SUPPLIED MATERIAL:

▼▼▼

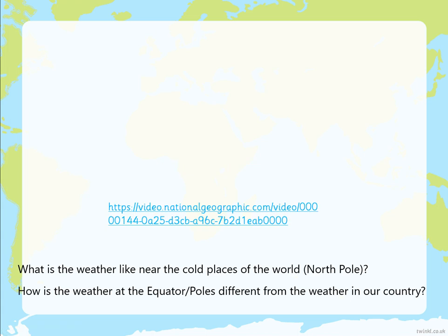If you want some more ideas, here's another video showing cold places in the world and the North Pole. I want you to have a think about how the weather of the equator and the poles is different from the weather in our country, and have a chat with your parents about that. Then finally I'll explain the task once you're ready.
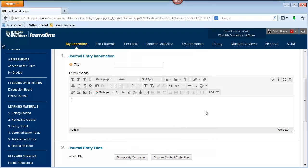You also have the ability to hover your mouse over the different icons and that will tell you what they do.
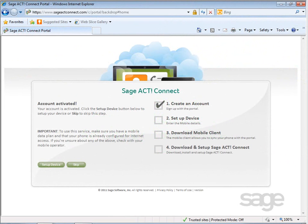With SAJACT Connect, you can access contact and calendar data in your native mobile device contact and calendar applications, giving you access to this data when you're on the go. You can even modify the data and sync it back to SAJACT via the SAJACT Connect portal.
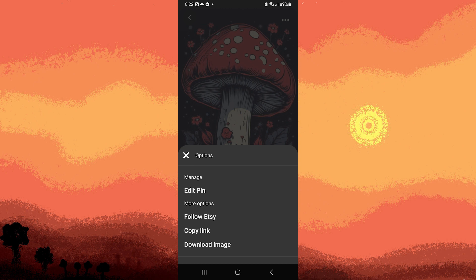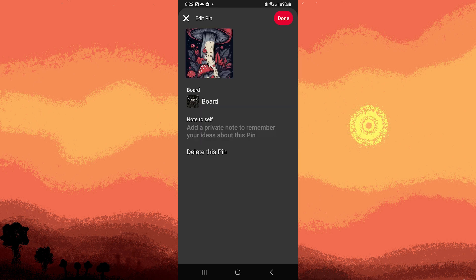Now scroll through the pins on the board edit options. In the editing options, there should be a delete or remove option. You have to tap on it to remove the pin from the board.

▲▲▲

All the lines above should be reproduced exactly, and none of the pictures.

EXERCISE ANSWER:
If you want some more ideas, here's another video showing cold places in the world and the North Pole. I want you to have a think about how the weather of the equator and the poles is different from the weather in our country, and have a chat with your parents about that. Then finally I'll explain the task once you're ready.
You also have the ability to hover your mouse over the different icons and that will tell you what they do.
With SAJACT Connect, you can access contact and calendar data in your native mobile device contact and calendar applications, giving you access to this data when you're on the go. You can even modify the data and sync it back to SAJACT via the SAJACT Connect portal.
Now scroll through the pins on the board edit options. In the editing options, there should be a delete or remove option. You have to tap on it to remove the pin from the board.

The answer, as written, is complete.